Wow… easily the best WYR I’ve ever thought of….
Ok popping bottles with Jay-Z is the pinnacle of partying. It far exceeds partying with anyone else…. including Charlie Sheen, 50 Cent, even Diddy. Sorry Diddy, send me a case of Ciroc or some shit. Supposedly Jay-Z once popped 75 bottles at Liv nightclub in Miami. That’s 75 more bottles than I can afford. I attempted to do the calculation on what that would cost and at $400 per bottle thats like $40k. But you know Diddy isn’t poppin off Georgi Vodka or anything. He’s got the quality stuff coming out bottle after bottle. The funniest part is he probably had that money upfront, all cash. I could probably come up with about an eighth of that money if I tried my hardest. Trying my hardest would include selling everyone of my rubies, flipping my lab top for a few hundo, stealing money from my abuela while she’s watching novelas, and probably getting a part-time gig at Chip’n’dales. But I’d never sell this lab top soooo that ain’t even happening.
Can you imagine popping bottles with Jay-Z? Roll up to the club in a Murcielago on 24” inch rims, valets opening your suicide doors on command, fresh pair of Gucci shades on, people tweeting non-stop, straight neck breaking…. You nod to the bouncer, walk immediately into the club and enter your VIP roped off section, cocktail waitresses are feeding you fruit and waving palm tree branches at you blowing a slight breeze your way. Every girl wants you because you’re “with” hova. You’re turning brazilian dimepieces down because your head is the size of shaq’s balls. Bottles of Dom Perignon with mortars attached to them are coming your way every 2 minutes. The night is epic.
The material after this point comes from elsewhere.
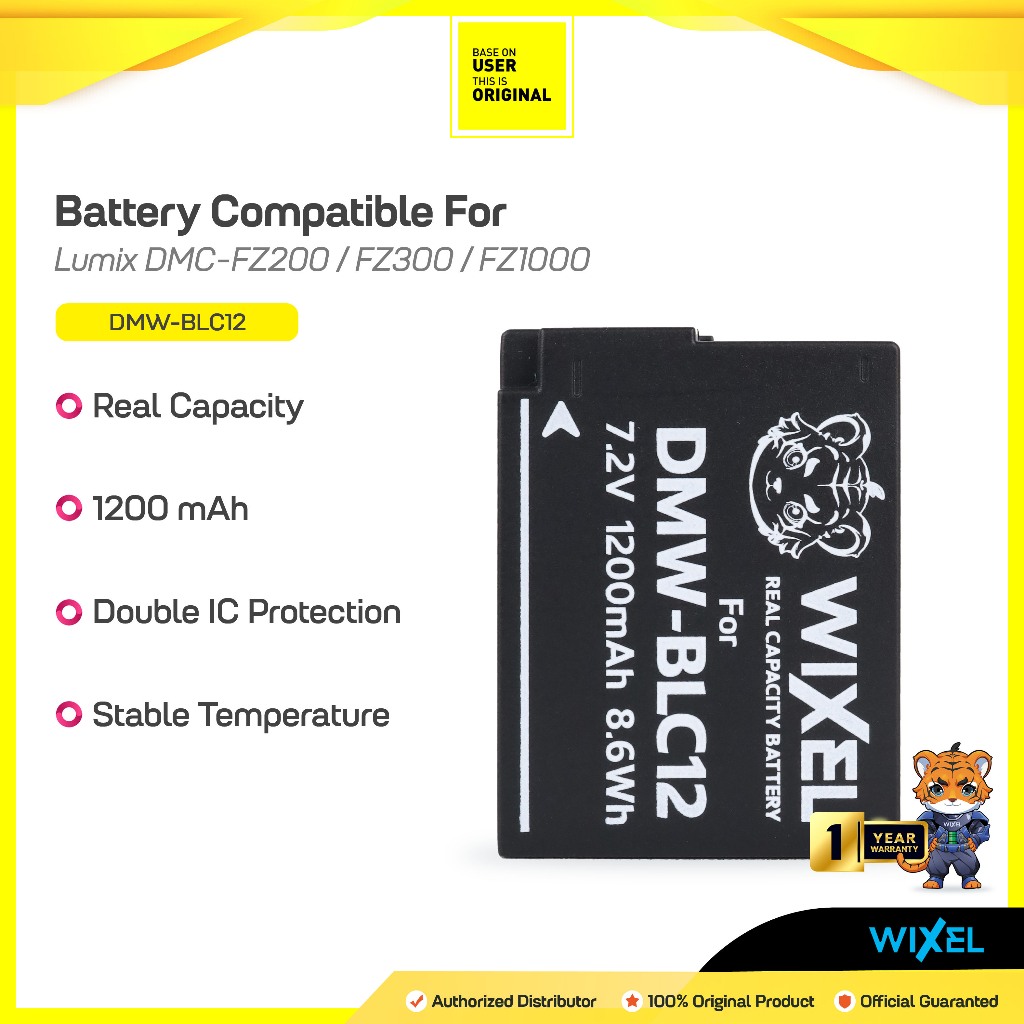 WIXEL Baterai Kamera DMW-BLC12 for Panasonic Lumix DMC-FZ200 / DMC-FZ300 / DMC-FZ1000 / DMC-FZ1000 I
Now on the other hand you can experience something entirely different — eating a weed brownie with President Obama. You could ask Obama anything and (since he’s high) he would probably end up telling you inside information. You could get the answers to some of the world’s craziest questions. What’s it like to live in the White House? What’s it like having a secret service? How’s Air Force one? What’s the quintessence of dust? You would come out of that experience thinking you could part the sea. You’d also be laughing your head off with The President of the United States.
I’d go with eating the special brownie with President Obama because there’d be no hangover and you’d probably learn about all this insider stuff like secret drone attacks, and conspiracies, and all this homeland type shit.